Kyrgyz President Almazbek Atambayev kicked the year off with a quick trip to Beijing which began on January 6 and by January 9 had morphed into a vacation with his family. The visit was lauded in Chinese government press releases as marking the 25th anniversary of relations between the two states and underlying the strong bilateral relationship.
“China and Kyrgyzstan have truly become good friends, good neighbors and good partners,” a Foreign Ministry report commented.
Kyrgyzstan is one of China’s smallest neighbors, both economically and geographically, but the two states see great value in spurring the growth of their relationship. The Chinese border with Kyrgyzstan may be only 533 miles long, but it’s one of China’s gateways to Central Asia and a node on the amorphous but undeniable Belt Beijing is working on from China to Europe.
The Kyrgyz see in China a partner and potential investor, to both complement and perhaps balance, Russia. In early 2016, Kyrgyzstan terminated an agreement in which Russia was to finance the construction of various hydropower projects. To put it simply, the Russians weren’t able to make good on the financing and the Kyrgyz needed to move on. Reports surfaced last spring that the Chinese would be taking up the projects and in the fall, Akipress reported that companies from five countries were interested in implementing the project on the Naryn river. At this point, however, it’s not quite clear if the project has investors yet. China would seem to be the logical option, but Beijing may not bite.
The Chinese see in Kyrgyzstan a connection on the Belt, a customer for its companies, a venue for its merchants, and a partner in managing the threat of terrorism across what once was known as Turkestan — stretching from Tibet to the Caspian Sea. The suicide bombing targeting the Chinese Embassy in Bishkek in late August 2016 did not put counterterrorism on the bilateral agenda — it was already there — but it did refocus cooperation between the two with regard to what’s known in Chinese diplospeak as the “three evils,” namely terrorism, separatism, and extremism.
The embassy bombing was surprising, but inept. There were no deaths, aside from the bomber, and only three Kyrgyz were injured. Four months later both Beijing and Bishkek remain serious in the narrative that the bomber was part of a larger plot.
Atambayev discussed the issue with Chinese President Xi Jinping. According to Chinese state media, the two “vowed to deepen security cooperation and jointly fight terrorist forces such as the East Turkistan Islamic Movement.”

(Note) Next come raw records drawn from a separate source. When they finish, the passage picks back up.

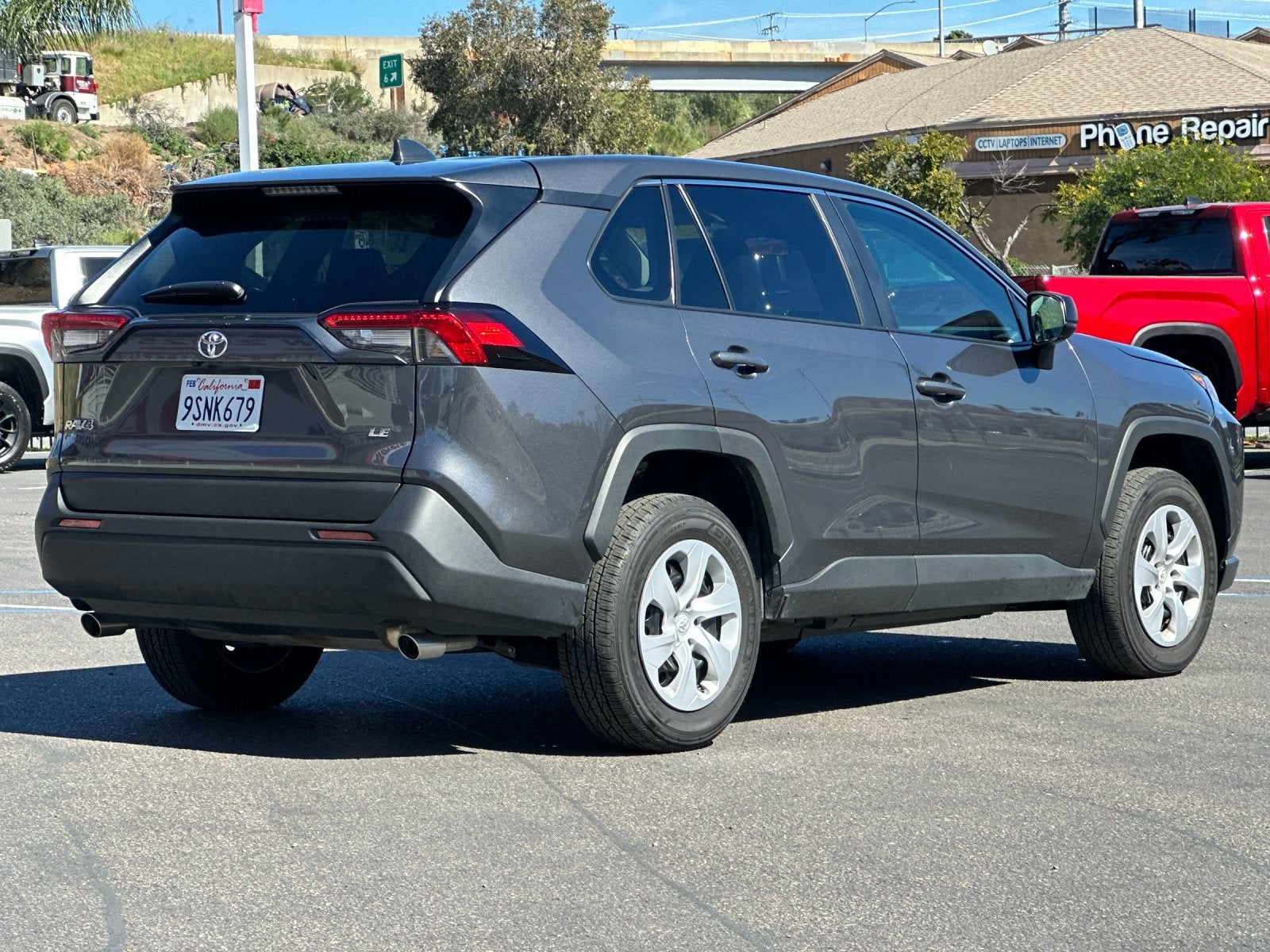 2025 Toyota RAV4 LE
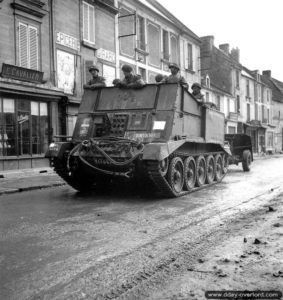 Un Crusader gun tractor Mk I dans les rues de Creully. Photo : US National Archives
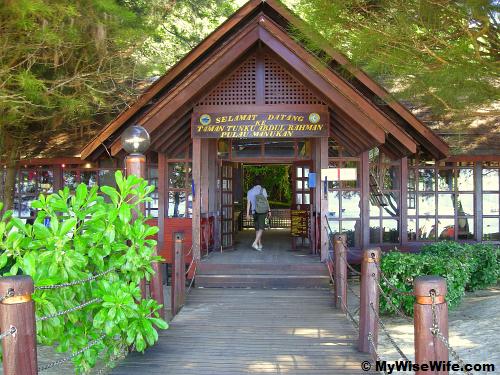 Welcome to Manukan Island!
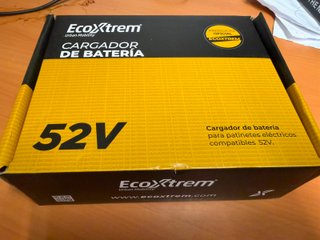 Cargador EcoXtrem 52V Patinete Eléctrico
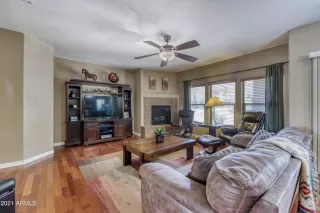 Photo #4: 6305500 Listing 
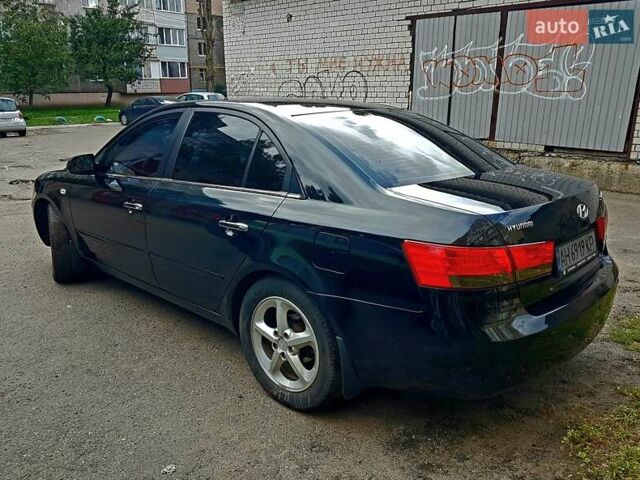 Хендай Соната 2006 у Ужгороді на Automoto.ua Чорний Хендай Соната, об'ємом двигуна 2.4 л та пробігом 290 тис. км за 7400 $, фото 10 на Automoto.ua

In Istanbul, the Chinese and Kyrgyz Ambassadors to Turkey met and announced that suspects related to the August embassy bombing were hiding out in Istanbul. 24.kg reports that the meeting with organized by the Chinese side, and they they discussed the recent terrorist attacks in Istanbul — particularly the New Years nightclub attack in which a Kyrgyz man was among the initial suspects (after a pair of men or a single man dressed as Santa Claus). The Kyrgyz suspect has been cleared, given the fact he wasn’t even in Turkey the night of the attack. Turkish police now say the attacker was an Uzbek militant with the same last name.
How precisely Kyrgyzstan and China plan to deepen their security cooperation is unclear. The two already cooperate via the Shanghai Cooperation Organization and Bishkek, in the past, has deported Uighurs upon request from Beijing. As Ryskeldi Satke depicts in a recent piece for Al Jazeera, Uighur communities in Central Asia are increasingly in an awkward position.
Although Atambayev’s trip to China was advertised by officials in Bishkek as short, the president apparently decided to stay for a vacation until January 14. He was criticized in Kyrgyz press for the vacation but administration officials stressed that vacation time is on the president’s dime, not Bishkek’s.